From their beginnings in Akkadia, westward across Arameia into Canaan, eastward back into Persia and across the desert into China, across North Africa into Iberia, across Anatolia into Greece and Italy, up the Seine and Rhine valleys and across the Hungarian plains, across Germany into the Pale of the Polish and Russian plains, Jews sought opportunity or refuge, carrying their arts, science, philosophy, religion, and the art of glassmaking with them.

 

 

 

 

 

 

 


FIRST PAGE OF CHAPTER 1

ZAKHUKHIT
The Akkadian Connection

The art of glassmaking was born in Akkadia, the Biblical Shinar, the home of the tribe of Terach, who was the father of Abraham.

The Bible relates that Abraham was born in Ur, in the land of Shinar.
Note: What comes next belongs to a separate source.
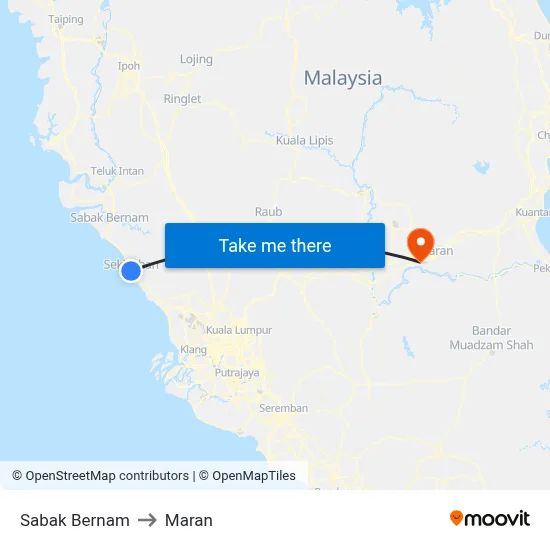 Sabak Bernam to Maran map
Yet the existence of such a land, and such a city, was neither known nor sought until relatively recently, and when found it was hardly acknowledged. In 1985 J. E. Taylor, the British consul at Basra in southern Iraq, acting at the request of the British Museum, was instructed by his foreign office to investigate the mounds of the area. He did, and digging into a mound known to the Bedouin tribesmen as Tel Maqayyar, or "The Mound of Pitch," he unearthed a number of peculiar tablets. The tablets were incised with rows of intricate impressions which seem to have been made by small birds tracking back and forth across wet clay. Taylor was entirely unaware that these inscriptions identified the site as that of the fabled city of Ur.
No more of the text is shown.